How the tiniest of errors resulted in an $80 million loss for Compound Finance
Compound Finance rolled out Proposal #62 on Wednesday to implement “Dynamic COMP reward distribution,” and patch a number of minor bugs.
However, soon after executing the upgrade, Compound Labs reported “unusual activity,” resulting in some users being able to claim more $COMP tokens than allowable.
🚨 Unusual activity has been reported regarding the distribution of COMP following the execution of Proposal 062.
No supplied/borrowed funds are at risk — Compound Labs and members of the community are investigating discrepancies in the COMP distribution.
— Compound Labs (@compoundfinance) September 29, 2021
Having looked into the contract, smart contract auditor Kurt Barry said the bug resulted from the tiniest of errors. He added that this minor mistake cost Compound Labs tens of millions.

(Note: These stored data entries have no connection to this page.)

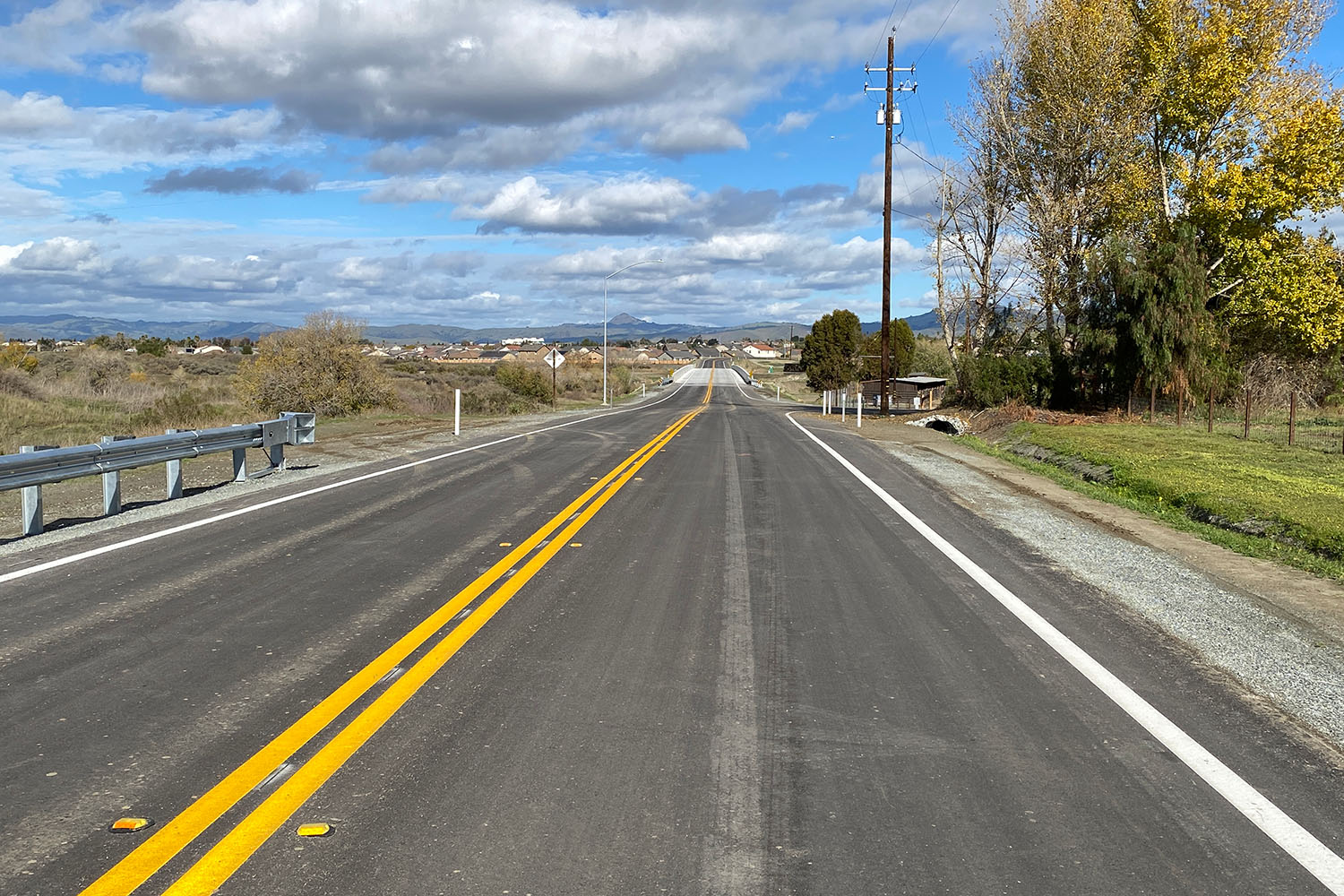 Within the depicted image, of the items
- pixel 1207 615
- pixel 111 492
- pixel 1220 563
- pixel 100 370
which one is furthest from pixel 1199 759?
pixel 100 370

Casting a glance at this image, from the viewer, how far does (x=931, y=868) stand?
3650 millimetres

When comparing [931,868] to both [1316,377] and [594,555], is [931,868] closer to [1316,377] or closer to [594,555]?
[594,555]

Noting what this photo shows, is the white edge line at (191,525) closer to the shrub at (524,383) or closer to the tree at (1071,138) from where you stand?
the tree at (1071,138)

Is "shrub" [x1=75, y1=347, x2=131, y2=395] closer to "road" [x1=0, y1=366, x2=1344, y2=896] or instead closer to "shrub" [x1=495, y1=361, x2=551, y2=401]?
"shrub" [x1=495, y1=361, x2=551, y2=401]

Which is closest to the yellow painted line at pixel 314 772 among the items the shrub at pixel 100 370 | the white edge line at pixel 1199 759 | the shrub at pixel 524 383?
the white edge line at pixel 1199 759

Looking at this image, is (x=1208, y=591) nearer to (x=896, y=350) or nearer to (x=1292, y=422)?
(x=1292, y=422)

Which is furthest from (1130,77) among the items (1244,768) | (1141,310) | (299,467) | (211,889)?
(211,889)

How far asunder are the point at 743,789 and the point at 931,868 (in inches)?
34.1

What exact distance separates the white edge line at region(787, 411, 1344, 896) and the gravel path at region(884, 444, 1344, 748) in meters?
0.76

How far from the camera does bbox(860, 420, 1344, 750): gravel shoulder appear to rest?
596 centimetres

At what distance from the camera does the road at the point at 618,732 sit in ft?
12.0

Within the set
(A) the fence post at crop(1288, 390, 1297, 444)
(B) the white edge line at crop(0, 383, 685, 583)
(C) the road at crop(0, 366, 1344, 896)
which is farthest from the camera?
(A) the fence post at crop(1288, 390, 1297, 444)

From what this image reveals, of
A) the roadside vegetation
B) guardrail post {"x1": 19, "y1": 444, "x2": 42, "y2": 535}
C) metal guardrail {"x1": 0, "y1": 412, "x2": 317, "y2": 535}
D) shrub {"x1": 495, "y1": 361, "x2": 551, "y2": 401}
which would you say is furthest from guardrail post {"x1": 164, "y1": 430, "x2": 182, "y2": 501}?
shrub {"x1": 495, "y1": 361, "x2": 551, "y2": 401}

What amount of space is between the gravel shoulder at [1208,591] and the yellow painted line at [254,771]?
4797 mm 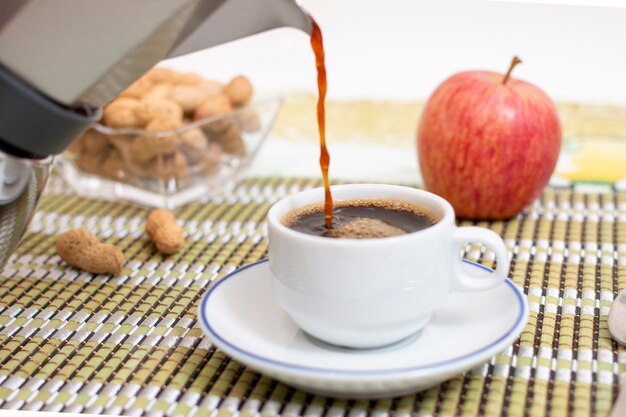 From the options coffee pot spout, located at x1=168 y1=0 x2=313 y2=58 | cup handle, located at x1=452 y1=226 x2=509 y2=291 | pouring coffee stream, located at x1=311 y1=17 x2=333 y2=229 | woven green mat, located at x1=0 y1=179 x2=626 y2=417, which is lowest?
woven green mat, located at x1=0 y1=179 x2=626 y2=417

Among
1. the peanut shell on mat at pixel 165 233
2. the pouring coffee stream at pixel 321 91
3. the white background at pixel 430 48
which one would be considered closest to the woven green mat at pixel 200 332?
the peanut shell on mat at pixel 165 233

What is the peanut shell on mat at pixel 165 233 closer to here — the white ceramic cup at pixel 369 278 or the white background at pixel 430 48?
the white ceramic cup at pixel 369 278

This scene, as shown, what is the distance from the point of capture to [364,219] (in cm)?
62

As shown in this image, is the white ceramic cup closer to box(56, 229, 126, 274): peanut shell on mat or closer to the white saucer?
the white saucer

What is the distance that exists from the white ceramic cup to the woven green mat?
0.05 m

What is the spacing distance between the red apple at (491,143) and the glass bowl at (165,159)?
0.75 ft

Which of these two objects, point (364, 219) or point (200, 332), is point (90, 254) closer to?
point (200, 332)

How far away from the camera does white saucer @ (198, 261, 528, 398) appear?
52 cm

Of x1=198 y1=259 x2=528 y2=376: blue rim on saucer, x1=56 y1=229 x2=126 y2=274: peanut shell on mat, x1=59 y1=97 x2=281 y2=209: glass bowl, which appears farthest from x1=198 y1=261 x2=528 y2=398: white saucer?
x1=59 y1=97 x2=281 y2=209: glass bowl

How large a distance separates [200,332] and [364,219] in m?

But how tiny was this error?
Ethereum’s Solidity language is unforgiving
Solidity is an object-orientated programming language, meaning it organizes design around objects and data. As opposed to function and logic.
It has similarities to C and C++ so it’s relatively simple to learn. And given the number of programmers who are already familiar with C and C++, transitioning to Solidity doesn’t take much.
However, this imperative approach has risks in that programmers must tell the code exactly what to do at every stage. And a mistake, even a tiny omission leaves the smart contract open to vulnerabilities.
“With an imperative approach, a developer writes code that specifies the steps that the computer must take to accomplish the goal. This is sometimes referred to as algorithmic programming. In contrast, a functional approach involves composing the problem as a set of functions to be executed.”
In this case, Barry’s investigation showed that Compound’s Proposal #62 error was due to the programmer missing an “=” sign in two locations.
“Smart contracts are unforgiving of the tiniest errors…COMP bug is a tragic case of “>” instead of “>=” (in two code locations). Two characters, tens of millions of value lost.”
Critics will argue that Compound’s audit and testing process should have been more thorough. However, isn’t this another example of Solidity’s flaws, which get magnified when millions of dollars are at risk?
What is the Compound Finance Proposal #62?
Previously, the Compound Finance rewards rate was the same rate for both suppliers and borrowers, and this fostered problems such as negative interest rates when borrowing particular assets.
Proposal #62 intended to split the COMP distribution to liquidity suppliers and borrowers based on governance-set ratios rather than an equal 50/50 share model.
“This proposal changes the Comptroller logic to have two different COMP distribution rates for each and every market – borrow-side (compBorrowSpeeds) rate and supply-side (compSupplySpeeds) rate.”
However, the bug contained within the upgrade enabled some users to claim more $COMP tokens than allowable.
At this stage, exact details of the loss are unknown. However, Compound CEO Robert Leshner states the worst-case scenario is an overclaim of 280,000 COMP tokens, equating to $82,880,000 at today’s price.